Common Sense for Albany
Published on 10/5/2005
Common Sense for Albany
Albany is a city that is over three hundred years old. Because of its age, the City has many unique problems that much younger municipalities do not have to face. These include an aging infrastructure (water and sewer); a housing stock that, while it is well-built, is in need of rehabilitation; streets that are too narrow for today's automobile culture; trees that are reaching or past the end of their natural life cycle; streets and sidewalks that are in need of repair or replacement; and an ever-changing population whose needs are different today, than the generation that preceded them.
On the plus side, Albany is a city that is over three hundred years old. A city that is one of the last remaining vestiges of our Dutch heritage. Buried beneath its streets and office buildings is the history of our country - from pre-Colonial times, to the Dutch settlers, to the Albany Plan of Union, to the Underground Railroad and the Civil War, to the "Great Wars" of the Twentieth Century - Albany has seen it all! It is a history, that if handled correctly, could turn the Capital City of the State of New York into one of the best historic-oriented tourist destinations in North America.
With this as the background, where Albany goes in the future depends on the application of Common Sense planning. Albany has two ways to go - either as a first class tourist stop with historical displays, upgraded infrastructure including streets and sidewalks, a pedestrian-friendly downtown, and an increase of owner-occupied housing or, a city on the decline with its present trend of blighted neighborhoods full of vacant buildings, pot-holed and litter-strewn streets, violence, and an attitude that it's better to keep buried our ancient treasures than to preserve them for present and future generations.
Common Sense tells us that for Albany to become a city for the future:
1. The City's administration must stop its dependency on borrowing moneys to pay for every day operating expense items, such as the recently negotiated firefighters contract that is dependent upon the city borrowing close to $7 million in 2004. Instead of increasing the debt load at an alarming rate, the City leaders must act to decrease the overall debt. I have proposed that future capital expenditures be at a level which is 5% less than what is being paid off in that year's budget.
2. A long range Master Plan for land use, zoning needs, and neighborhood revitalization must be developed and adhered to. Citizen input is a MUST for this process to proceed and succeed. The current haphazard way that decisions are made, without forethought and open public discussion, has to end. The administration needs to look at every proposal in light of how that particular proposal will fit in the BIG PICTURE of revitalization. The only way to do this is to have a Master Plan in place.

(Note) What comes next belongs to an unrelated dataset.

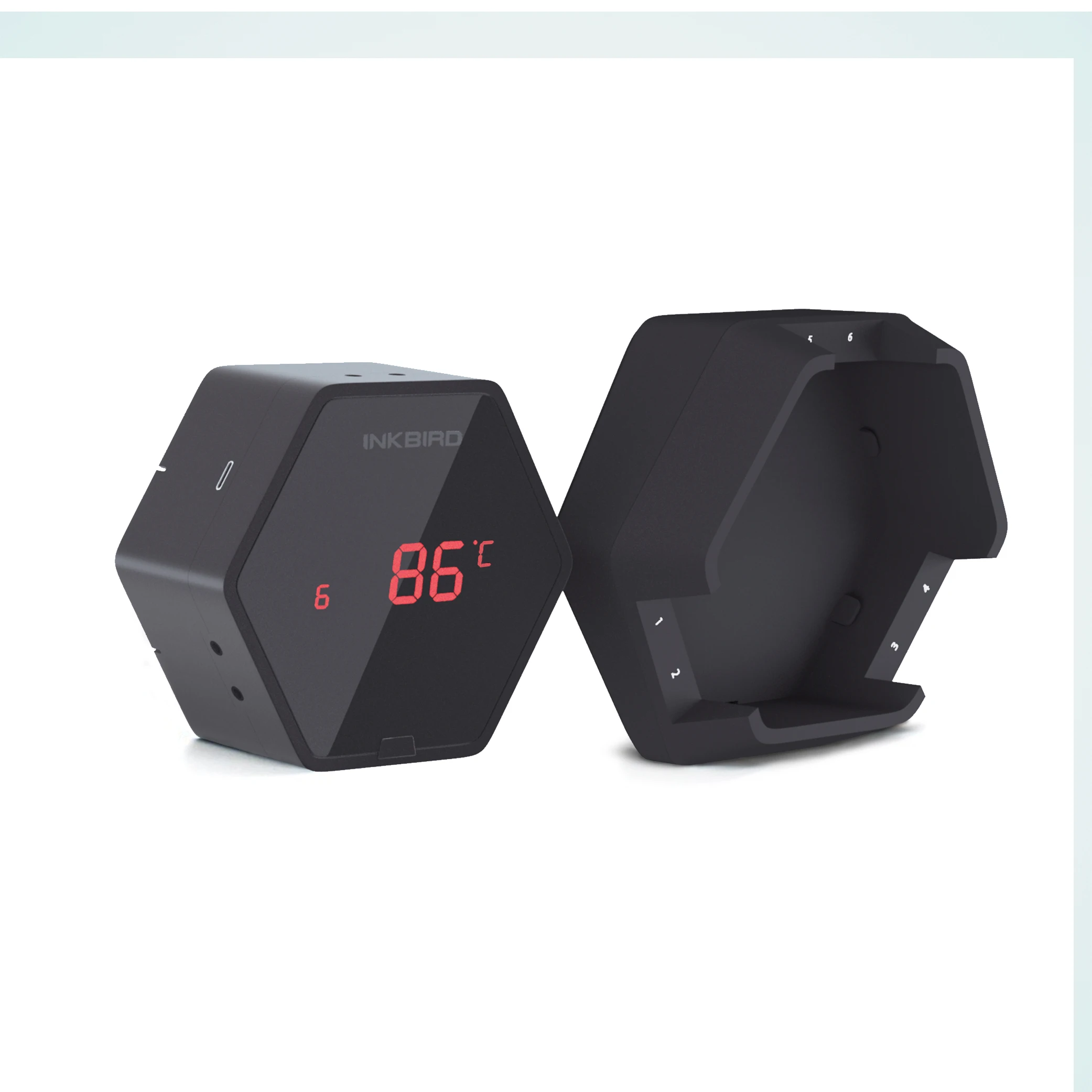 Inkbird Забавный термометр для мяса гриля заряжающаяся от usb-дисплея подставка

3. The City's past must become its future. Municipalities such as St. Augustine, Florida and Alexandria, Virginia have built their present and future success on their past historical richness. Albany can do the same thing. For this reason, one of my first legislative initiatives, when I became a Common Council Member in 2002, was to introduce Local Laws creating the Office of City Archaeologist and an Archaeological Commission. I am happy to report that the Mayor, in 2003, introduced similar legislation and, after working together to develop the best proposal, the Common Council adopted the proposals in early 2004.
4. Take back our streets. The perception of Albany as an unsafe city must be changed if we are to attract new residents to the city and to make Albany a destination place. To that end, cooperation between all levels of law enforcement - city, county, state, and federal - must be encouraged. I have proposed that a Task Force be created that will promote such cooperation. Community leaders and residents must also be included on this Task Force if we are going to succeed in making Albany a safe and desirable place in which to live and/or visit.
5. Albany Neighborhoods. Albany is a "City of neighborhoods." The health of each and every neighborhood directly affects the health of the whole City. When one neighborhood starts to decline, the adjacent neighborhoods will soon follow. This vicious cycle must be stopped. To that end, I would like to see an Albany Housing Construction Authority created by New York State to provide and/or find funding for rebuilding our neighborhoods. A convention center is nice, and if a private company wants to build one in Albany, I have no objections to it, but I have yet to meet anyone who told me that they chose to live where they do because of their proximity to a convention center. The way to revitalizing our city rests with revitalizing our neighborhoods and making them attractive to prospective homebuyers.
Albany, the Capital City of the State of New York, is walking a tightrope between becoming a City of the Future, or a City which has already seen its future come and go. By using a Common Sense approach for revitalizing the City, Albany will become a City of the Future. It will take hard work, sacrifice, and a vision to see the whole process through to the end, but it can happen. All we have to do is use Common Sense when making our investment choices and self-restraint when it comes to borrowing for today and paying for it later. Let us build on our past to make Albany a city for the new century.